期刊
OBESITY RESEARCH
卷 13, 期 8, 页码 1321-1329出版社
NORTH AMER ASSOC STUDY OBESITY
DOI: 10.1038/oby.2005.160
关键词
human; intramyocellular lipid; insulin resistance; skeletal muscle; fat metabolism
资金
- NCRR NIH HHS [M01 RR-00827] Funding Source: Medline
- NIDDK NIH HHS [K08 DK-61987, R01 DK-58291, 2 R01 DK50647] Funding Source: Medline
Objective: To determine whether adipocyte differentiation-related protein (ADRP), a lipid droplet-associated protein that binds to and sequesters intracellular fatty acids, is 1) expressed in human skeletal muscle and 2) differentially regulated in human skeletal muscle obtained from obese non-diabetic (OND) and obese diabetic (OD) subjects. Research Methods and Procedures: Ten OND subjects and 15 OD subjects underwent a weight loss or pharmacological intervention program to improve insulin sensitivity. Anthropometric data, hemoglobin A(1C), fasting glucose, lipids, and glucose disposal rate were determined at baseline and at completion of studies. Biopsies of the vastus lateralis muscle (SkM) were obtained in the fasting state from OND and OD subjects. Protein expression was determined by Western blotting. Results: ADRP was highly expressed in SkM from OND (4.4 +/- 1.54 AU/10 mu g, protein, n = 10) and OD (5.02 +/- 1.33 AU/10 mu g, n = 12) subjects. OND subjects undergoing weight loss had decreased triglyceride levels and improved insulin action. SkM ADRP content increased with weight loss from 5.14 +/- 2.15 AU/10 mu g to 9.92 +/- 1.57 AU/10 mu g (p < 0.025). OD subjects were treated with either troglitazone or metformin, together with glyburide, for 3 to 4 months.

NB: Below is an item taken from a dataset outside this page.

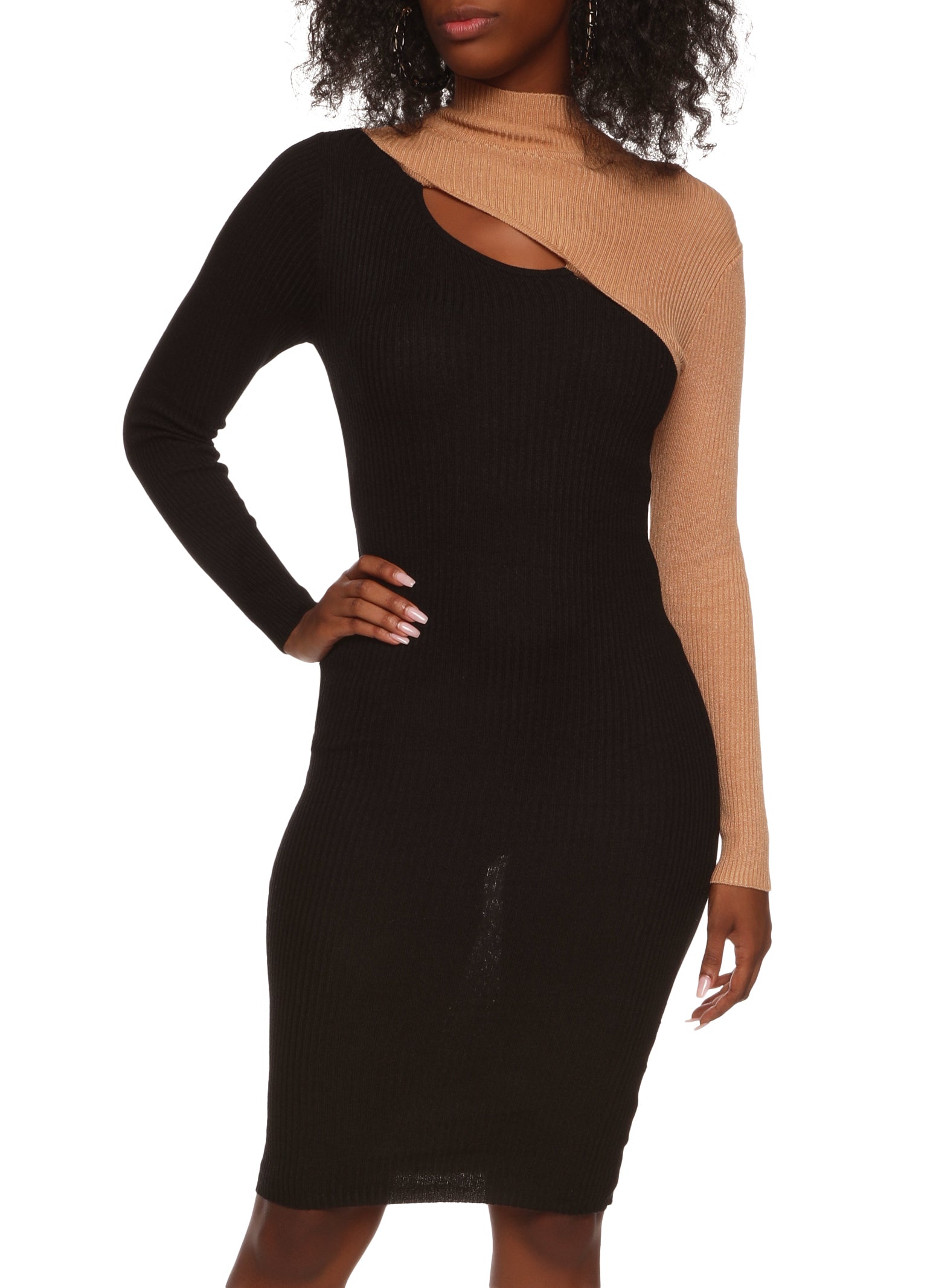 Long sleeve keyhole on sale dress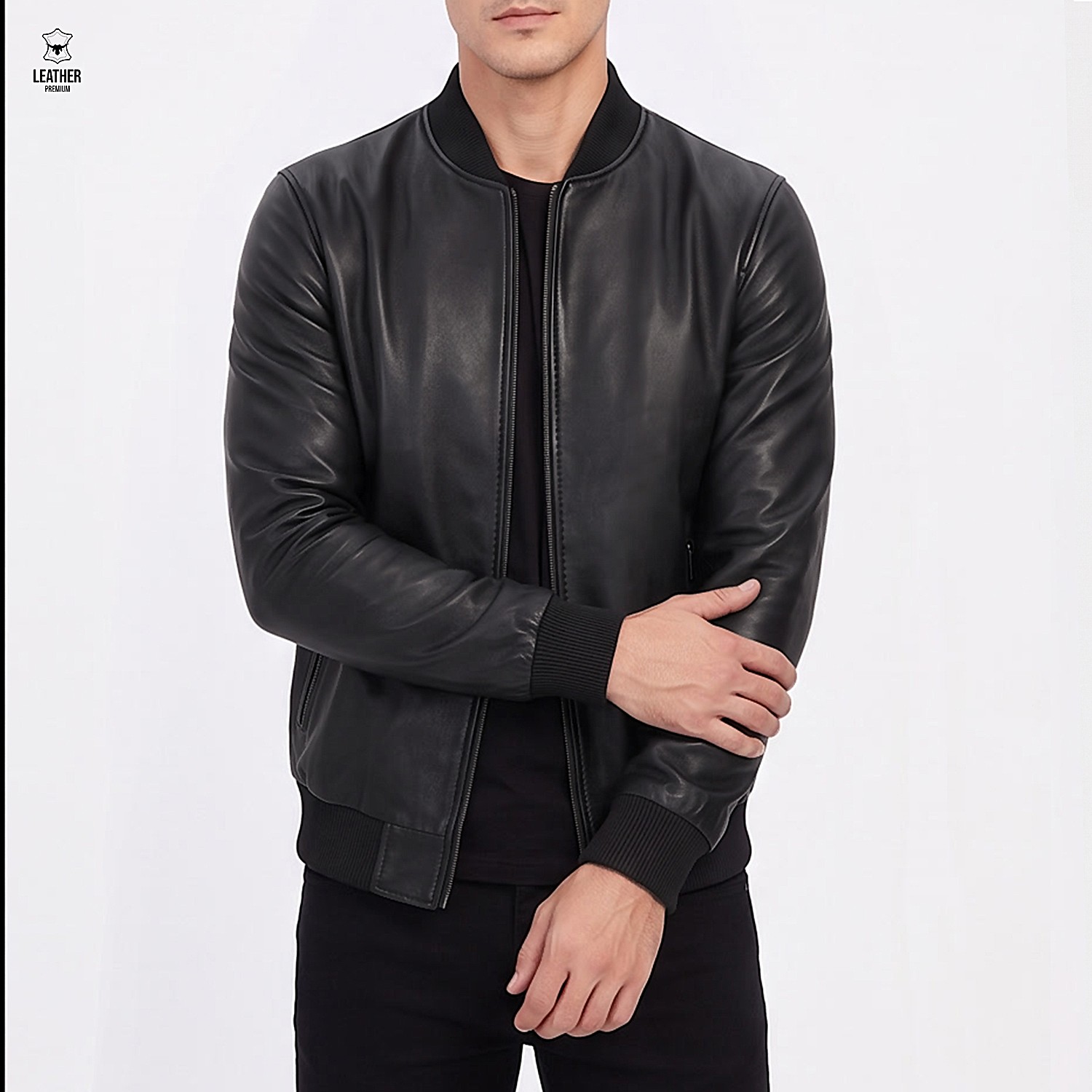Blouson pilote en cuir d'agneau Noir homme – Ionic 5 Pilote noir en cuir Ionic – photo 5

Both treatments attained similar levels of glycemic control. OD subjects with lower baseline ADRP content (2.85 +/- 1.07 AU/10 mu g, n = 6) displayed up-regulation of ADRP expression (to 9.27 +/- 2.76 AU/10 mu g, p < 0.025). Discussion: ADRP is the predominant lipid droplet-associated protein in SkM, and low ADRP expression is upregulated in circumstances of improved glucose tolerance. Up-regulation of ADRP may act to sequester fatty acids as triglycerides in discrete lipid droplets that could protect muscle from the detrimental effects of fatty acids on insulin action and glucose tolerance.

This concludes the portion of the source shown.